#### SOURCE DATA
____________________

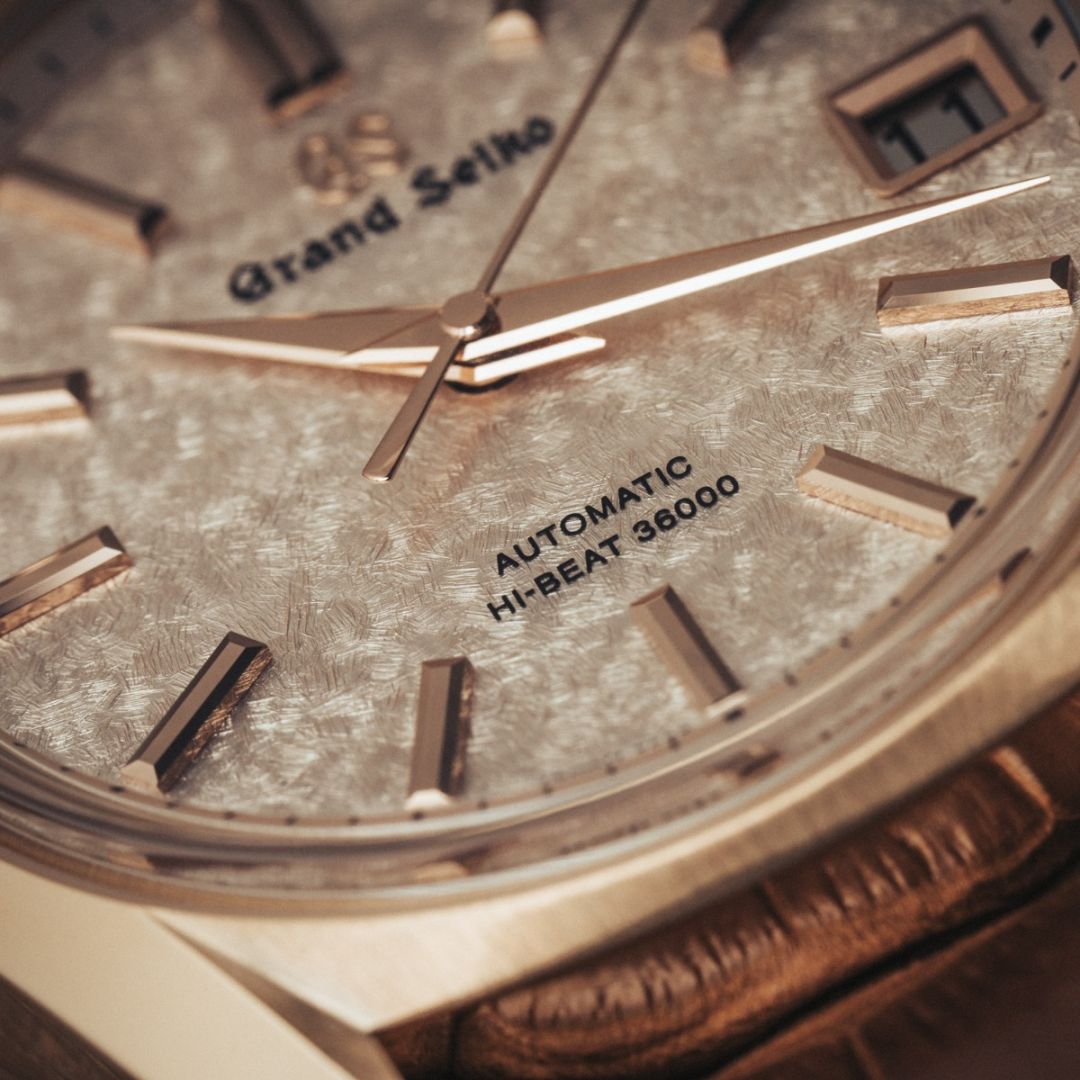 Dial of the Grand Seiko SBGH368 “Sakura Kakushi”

____________________

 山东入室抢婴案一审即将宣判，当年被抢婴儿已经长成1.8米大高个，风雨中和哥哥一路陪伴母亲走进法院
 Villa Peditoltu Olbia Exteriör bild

____________________

#### THE PROBLEM
Give back, unchanged, the run of lines in the listing above that begins at the line containing "山东入室抢婴案一审即将宣判，" and ends at the line containing "Villa Peditoltu Olbia Exteriör bild", both included.

#### YOUR SOLUTION
 山东入室抢婴案一审即将宣判，当年被抢婴儿已经长成1.8米大高个，风雨中和哥哥一路陪伴母亲走进法院
 Villa Peditoltu Olbia Exteriör bild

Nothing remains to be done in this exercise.